Monday, April 4, 2016

C is for Critique

Just so you know, I had the HARDEST time coming up with a post topic that wasn't "Cookie". That fuzzy blue monster has ruined me for the letter C.

After making an absurdly long list that mostly didn't appeal to me because I didn't feel like I had anything to talk about (or were just silly. Like Cake, because screw you, cookies.*)

I can, however, talk about critiques, because I've been wading into the pool for the past, what, two years now? Yeah, it was two years ago that I joined my critique group, and you know, I'm still learning how to do it. Not right, there isn't really a right way to critique, but best, in ways that gives useful feedback to the person receiving critiques. I've gotten decent at query critiquing, but not quite good enough to come out with a perfect draft of my own. Plus side, the critiques I've received have been positive, but I'm not quite there yet. 

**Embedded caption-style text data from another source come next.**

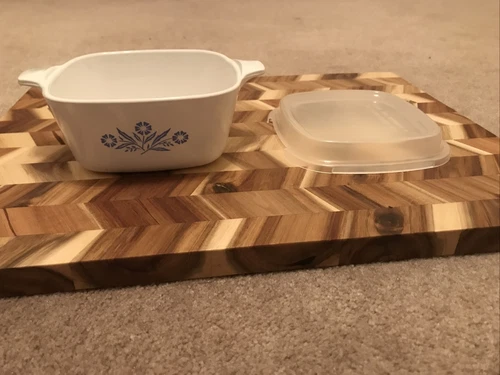 Vintage Corning Ware Blue Cornflower 2 3/4 Cup Small Casserole P-43-B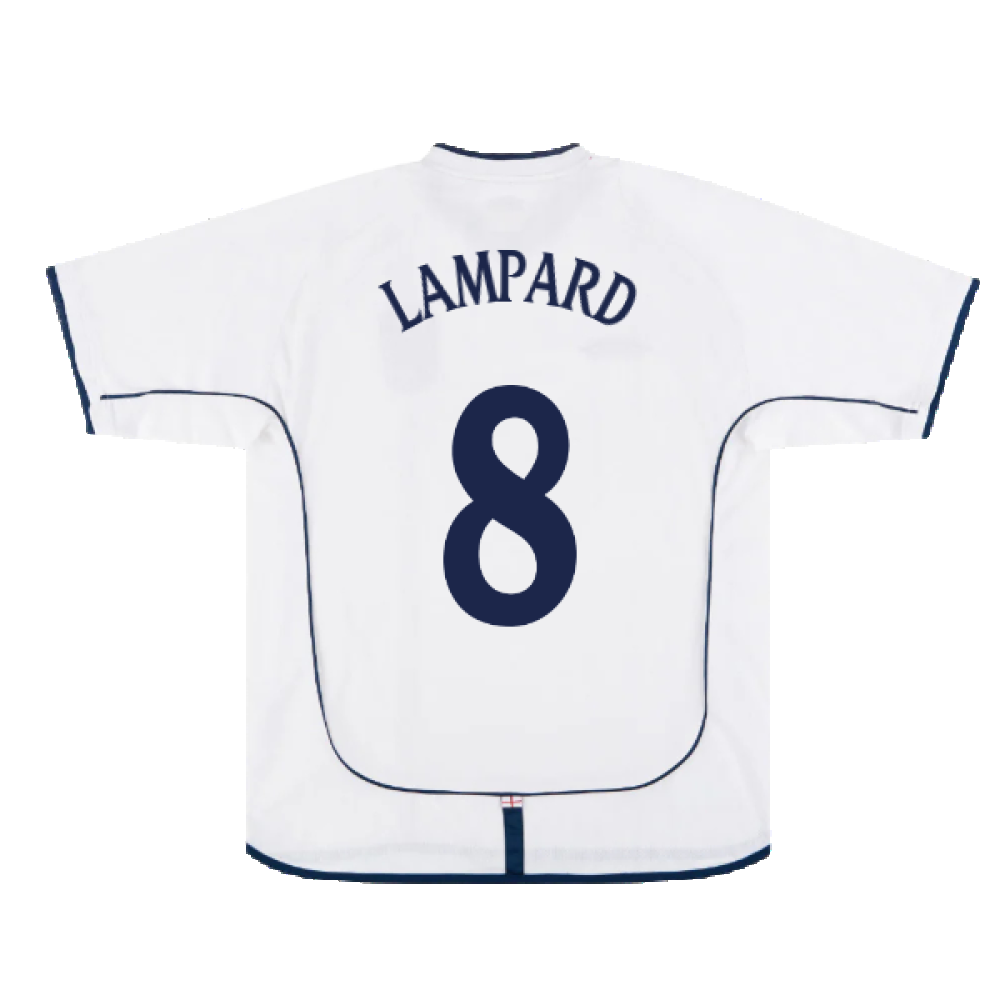 England 2001-03 Home Shirt (XXL) (Excellent) (LAMPARD 8)_1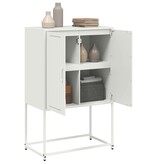 VidaXL Tv-meubel 68x39x60,5 cm staal wit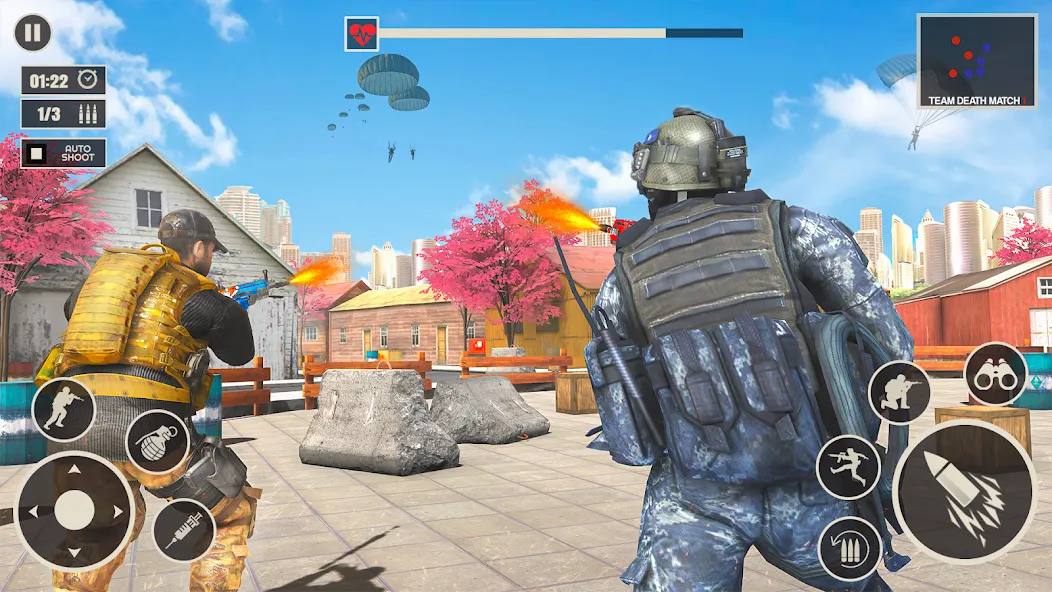 Offline War Shooting Games 3D [MOD: безлимитные патроны и оружие] Screenshot 4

For larger crit, though, one thing I've noticed is everyone seems to notice different things while critiquing. Some people are more naturally editors while others are proofreaders. Many of my companions are excellent at finding the big picture problems. They can see the whole garden and tell you where you screwed up the feng shui. I am not one of these people. I'll notice the one sentence that's confusing, the red tulip in the bed of yellows. When someone else points out the bigger issues, I can see them, but finding them myself? Not happening. It's why, right now, I'm depending on beta readers for Business of Being Dead. Because no matter how much I study other people's feng shui analysis, I feel like I'm still just standing here looking at the red tulip.

*I didn't mean it, cookies. I love you.

1 comment:

  1. Nothing wrong with red tulips. Everyone has their weak spots. It's going to take time to round out your skills, as such stuff always does. I mean, how long have I been trying just to string together a coherent scene?

    In the mean time, you realize that yes, you may only notice low level stuff, but you're exceedingly good at it? You always pick up on inconsistencies, certain types of plot holes, and many grammar/factual things Al across an entire story which would escape others because they forgot from one scene to the next, or it just doesn't bother them. Don't undervalue that - cleaning up the red tulips really does make the work more professional looking. If you want an actual example, let's just say there were certain things in Blank that only you noticed, like the naming inconsistencies, the impartiality of a syringe vs. paste, and the brutality of a certain fight scene. In general, such things are my weak points because I always leave consistency and brutal real world detail for last. Because of that feedback, I was able to take better care when I wrote that scene straight off, so the first draft came out SO much better for it. We writers NEED our red tulip weeder-outers!

    When you're ready/if you want, I'd be glad to cast an eye over TBOBD and work ZEE FENG SHUI.